Aprendizagem

Auditores fiscais do trabalho são contra a MP de Bolsonaro

Criado para promover a inclusão de jovens no mercado de trabalho, o Programa Jovem Aprendiz pode ser radicalmente alterado

Arthur Vieira*
postado em 29/05/2022 12:00 / atualizado em 29/05/2022 12:00
Adolescentes durante expediente. Proposta do Executivo beneficiará empresas que não cumprirem a cota de aprendizagem prevista em lei -  (crédito: Marcello Casal Jr/Agência Brasil)
Adolescentes durante expediente. Proposta do Executivo beneficiará empresas que não cumprirem a cota de aprendizagem prevista em lei - (crédito: Marcello Casal Jr/Agência Brasil)

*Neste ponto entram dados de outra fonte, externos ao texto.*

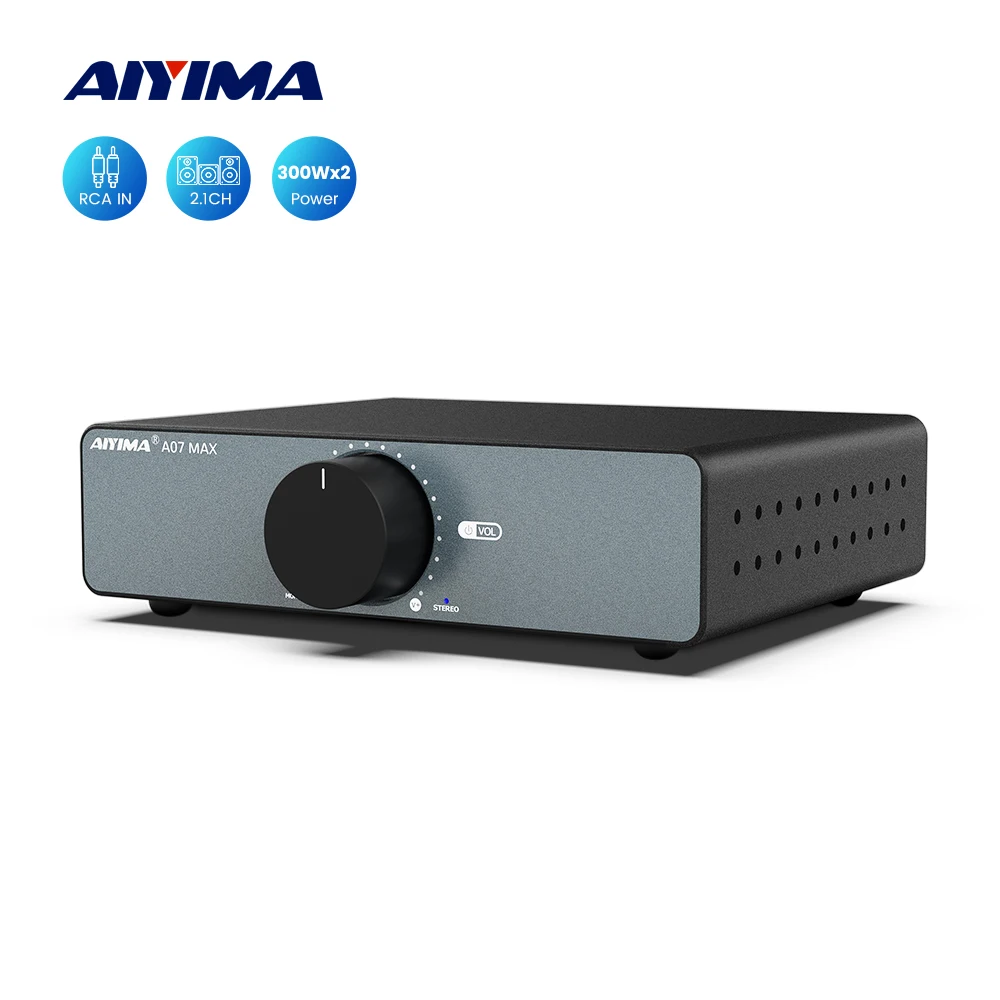 주목 AIYIMA 오디오 A07 MAX 스테레오 앰프 300W X2 TPA3255 파워 앰프 패시브 스피커용 2 채널 브리지 가능 모노 600W 앰프 업데이트된 소식입니다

O presidente da República, Jair Bolsonaro, propôs uma Medida Provisória que institui o programa “Emprega + Mulheres e Jovens”, para facilitar o ingresso no mercado de trabalho. No entanto, entre as medidas previstas está a instituição do “Projeto Nacional de Incentivo à Contratação de Aprendizes”, cujas ações beneficiariam financeiramente empresas que não cumpram a cota de aprendizagem prevista em lei.

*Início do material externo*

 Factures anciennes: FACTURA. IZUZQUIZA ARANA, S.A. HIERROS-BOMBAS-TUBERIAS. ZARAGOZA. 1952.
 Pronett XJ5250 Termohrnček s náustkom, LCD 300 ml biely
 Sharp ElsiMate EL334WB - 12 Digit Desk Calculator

De acordo com a Consolidação das Leis do Trabalho (CLT), o percentual de funcionários aprendizes em um estabelecimento deve girar em torno de 5% a 15% do percentual de funcionários, isso considerando somente os que exercem funções que demandem ensino fundamental ou médio. As medidas propostas no texto, porém, flexibilizam as sanções para as empresas que não cumpram este percentual mínimo, desde que se adequem ao projeto.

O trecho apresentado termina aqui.